Work to complete: Exclude the pictures, then quote exactly the lines from the one holding "His Case BROKE" through the last line of the records.

START Exercise materials

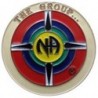 NA 'The Group' Medallion Small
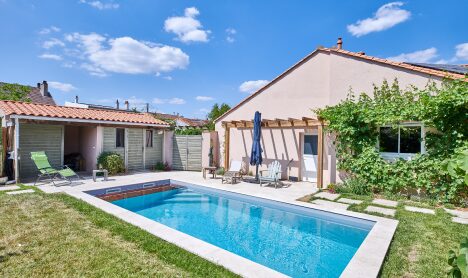 mini piscine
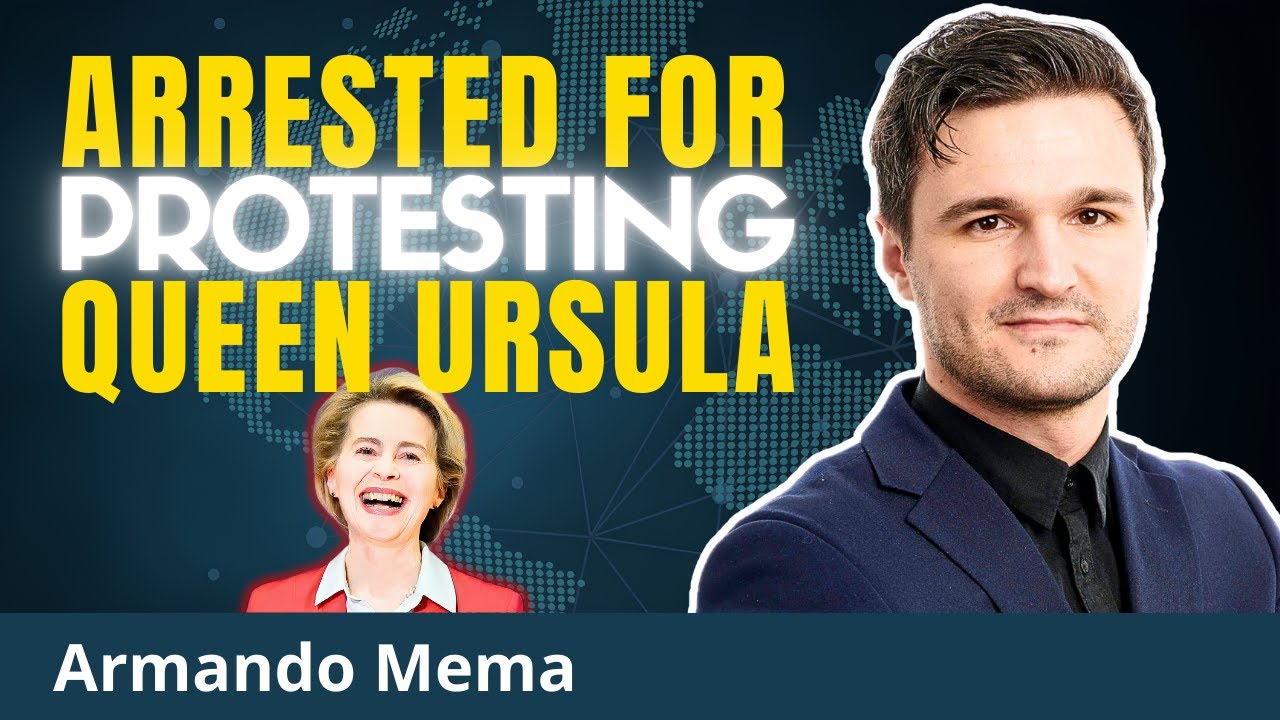 His Case BROKE The Internet, Exposed EU | Armando Mema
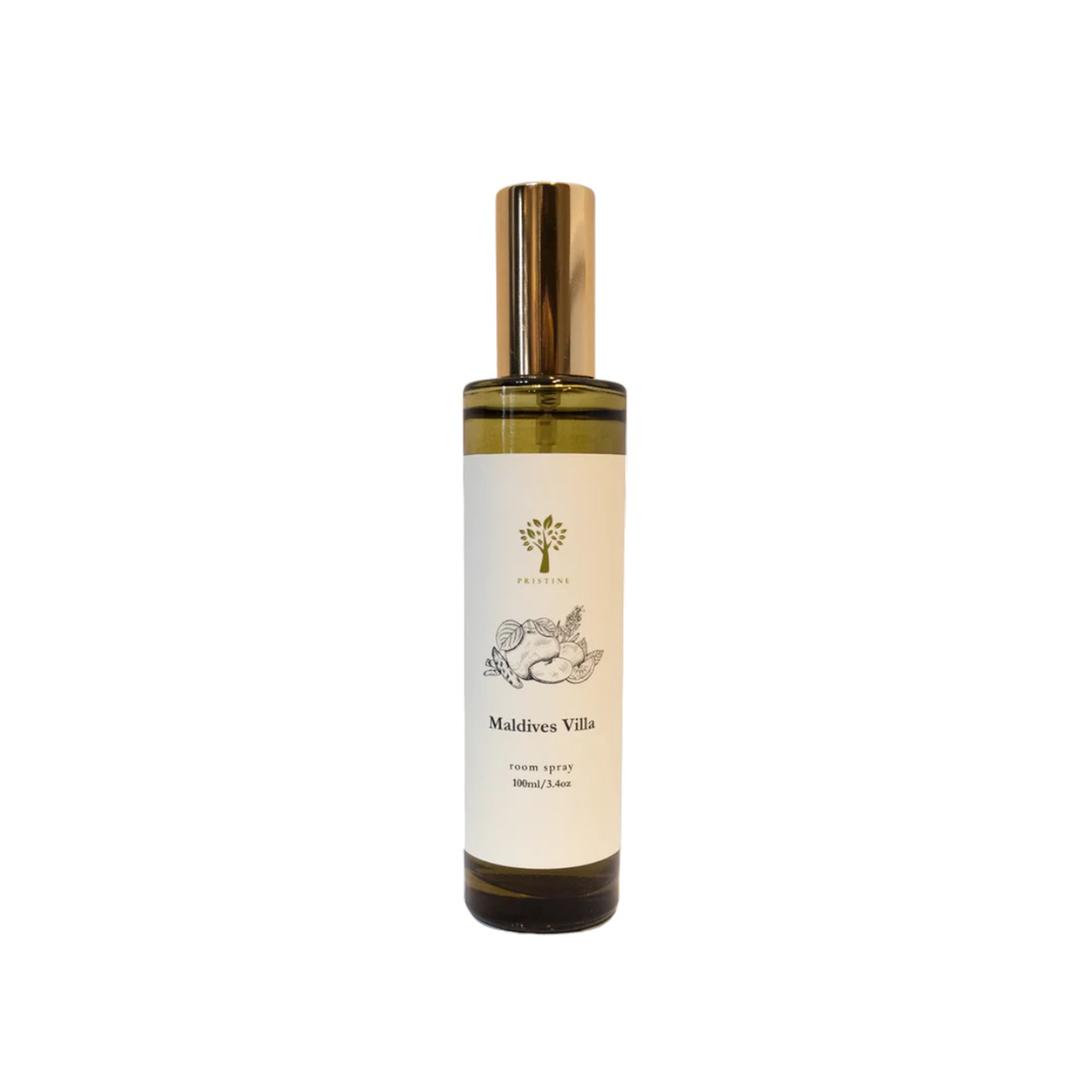 Pristine Room Spray 100ml - Maldives Villa (Marriot)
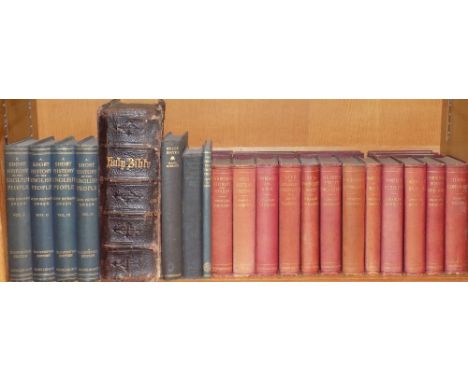 Morshead (O.F., editor). Everybody's Pepys, The Diary of Samuel Pepys 1660-1669, 1926,  signed by the author and illustrator 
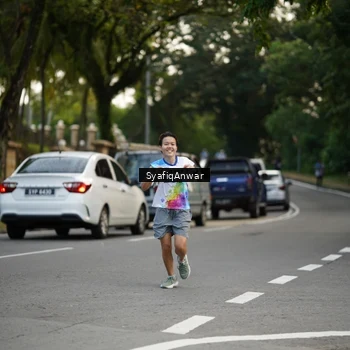 Runner Photo 8399023
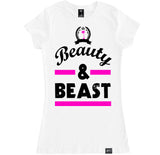 Women's BEAUTY & BEAST T Shirt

END Exercise materials

Output below:
 His Case BROKE The Internet, Exposed EU | Armando Mema
 Pristine Room Spray 100ml - Maldives Villa (Marriot)
 Morshead (O.F., editor). Everybody's Pepys, The Diary of Samuel Pepys 1660-1669, 1926,  signed by the author and illustrator 
 Runner Photo 8399023
 Women's BEAUTY & BEAST T Shirt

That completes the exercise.